According to what Buckingham said he was told, the deputy continued yelling at the dog and "picked out a spot on the ground close to him and when the dog reached that point, he shot."
He said the deputy told him he left the dog on the ground in the yard. Another deputy arrived on scene and searched for the other dog and the owners of the animals. However, neither were found at that time, Bryant reported.
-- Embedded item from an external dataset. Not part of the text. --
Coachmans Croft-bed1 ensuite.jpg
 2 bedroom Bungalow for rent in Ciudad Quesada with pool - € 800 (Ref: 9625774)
And before animal control arrived to remove the animal, Buckingham returned home, found his dog missing and went on a search for him.
"I found Max about 170 feet from the lady's backyard," he said. "Which also doesn't make sense because, from everything I was told, Max died in the lady's front yard and no one knows who moved him."
Whatever the case, Buckingham said he is angry the department's policy is to shoot first, ask questions later.
"Max hadn't attacked anyone, he was only running towards someone who was yelling at him like he was trained to do," he concluded. "My whole thing with this is that there was no apology and I was upset the most that their first option was to shoot my dog."
Bryant said he hated the deputy had to shoot the animal, but the safety of the officers on scene always comes first.
"I hate that we had to shoot that dog," he said. "I hate my department having anything to do with the death of a pet, but my deputy felt at risk and he did what he felt was in his best interest in the situation."
The sheriff said the best way to avoid similar trouble is to make sure all animals are secured within a pen, yard or your home before leaving them unattended. He said animals running at large, especially if they are a dangerous or aggressive breed, puts the animal, responding officers and other residents at risk.